Charles Ellicott Commentary


Charles Ellicott Commentary
"And it came to pass after three days, that the officers went through the midst of the camp; and they commanded the people, saying, When ye see the ark of the covenant of Jehovah your God, and the priests the Levites bearing it, then ye shall remove from your place, and go after it. Yet there shall be a space between you and it, about two thousand cubits by measure: come not near unto it, that ye may know the way by which ye must go; for ye have not passed this way heretofore. And Joshua said unto the people, Sanctify yourselves; for tomorrow Jehovah will do wonders among you. And Joshua spake unto the priests, saying, Take up the ark of the covenant, and pass over before the people. And they took up the ark of the covenant, and went before the people." — Joshua 3:2-6 (ASV)
The preliminary orders stipulated that the priests were to carry the ark. This was usually the duty of the Levites of the family of Kohath, but at both the passage of the Jordan and the capture of Jericho, the priests were employed as bearers. The people were to be sanctified, as they were in preparation for the giving of the law at Sinai (Exodus 19:0). And the ark itself, in a sense, took a new position. A space of 2,000 cubits was left between the head of the column of Israelites and the ark, so that they all might see it. Until this time, during the whole of the Exodus, they had been led by the pillar of cloud and fire. The ark had led the way ever since they left Sinai (Numbers 10:33–34).

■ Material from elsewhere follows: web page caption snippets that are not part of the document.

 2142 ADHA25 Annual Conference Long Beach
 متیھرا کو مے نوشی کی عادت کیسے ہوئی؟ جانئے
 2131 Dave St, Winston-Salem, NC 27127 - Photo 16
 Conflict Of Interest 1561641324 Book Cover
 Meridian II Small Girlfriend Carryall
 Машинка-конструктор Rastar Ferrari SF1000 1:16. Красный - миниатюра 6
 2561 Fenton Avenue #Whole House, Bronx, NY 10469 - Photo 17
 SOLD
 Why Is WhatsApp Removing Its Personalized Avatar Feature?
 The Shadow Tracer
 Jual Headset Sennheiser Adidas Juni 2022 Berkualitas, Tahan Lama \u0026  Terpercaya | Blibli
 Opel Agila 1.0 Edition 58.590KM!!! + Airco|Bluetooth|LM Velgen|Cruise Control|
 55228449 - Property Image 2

But as the cloud had moved above the ark, where all the people could see it, the head of the column might follow the ark as closely as possible, without any inconvenience. Now the cloud was no longer with them. It was a visible token of God’s presence especially granted to Moses, and with him it disappeared. The ark was now to be the only leader, and therefore it had to be placed in a somewhat more conspicuous position. This difference of arrangement appears to be indicated by the words in Joshua 3:4, “Ye have not passed this way heretofore.” The words may mean, “You are marching over untrodden ground;” but if so, they are not more applicable to this march than to many previous marches. They may also mean, “You have not marched in this manner before,” and this interpretation seems more to the purpose.
It may be useful to consider here what the actual significance was of the position assigned to the ark in Joshua. What was the ark? It was a chest containing the Ten Commandments, written with the finger of God on two tablets of stone prepared by Moses (Deuteronomy 10:1–5; Exodus 34:1; Exodus 34:28). But the ark was made for the law, not the law for the ark. The mercy seat above was the covering of the law—the shield between that law and the people. Between the cherubim that formed the mercy seat was the throne of Jehovah.

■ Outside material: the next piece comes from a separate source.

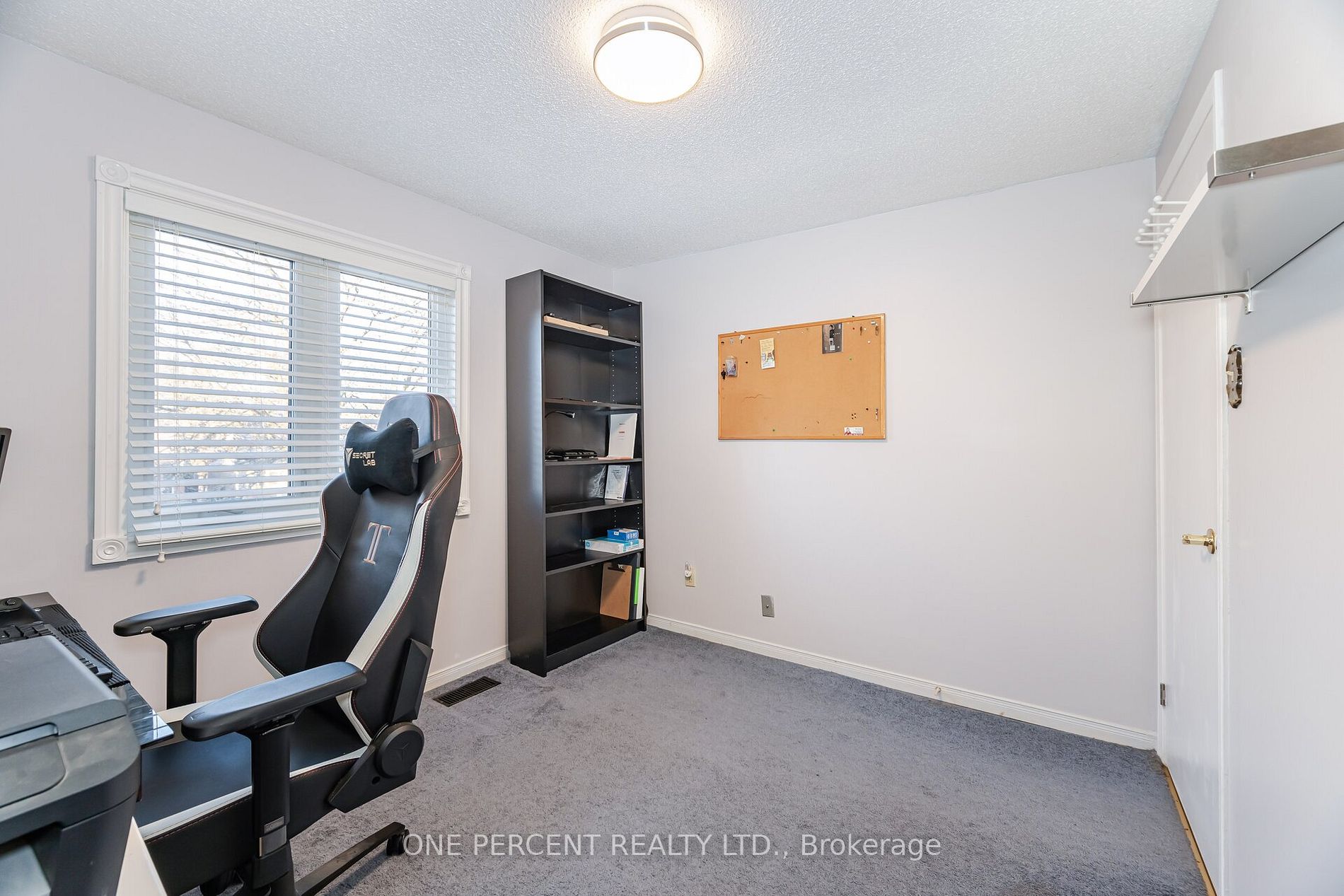 28 Wheatfield Rd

But the central thing, the only thing not of human workmanship that remained in the ark, was “the law written with the finger of God.” To describe the position before us exactly, we must say that the Israelites marched into the Jordan led by the written law of God. The same written law, carried around the walls of Jericho, was the minister of vengeance to the Canaanites, as indeed it later became to Israel when incautiously handled or invoked, as at Ebenezer (1 Samuel 4:0), and as at Beth-shemesh (1 Samuel 6:0; compare 2 Samuel 6:0), and also to the Philistines (1 Samuel 5:0).
As soon as the army of Joshua reached the center of Canaan, this same law was written on great stones in the heart of the country and became the law of the land. It is consistent with what we have already noted (Joshua 1:1) regarding the difference between Moses and Joshua: that under Moses the people followed the cloudy pillar, and under Joshua, the written law of God.
But it is a striking picture, and one that may well evoke our reverent wonder, that the Israelites should pass over the Jordan and assail the Canaanites, with the Ten Commandments carried before them, and as it were, leading the way. Was this not the direct objective of the conquest of Canaan—that God’s law should not only have a people to obey it, but also a country in which its working might be displayed to the nations as the law of the land?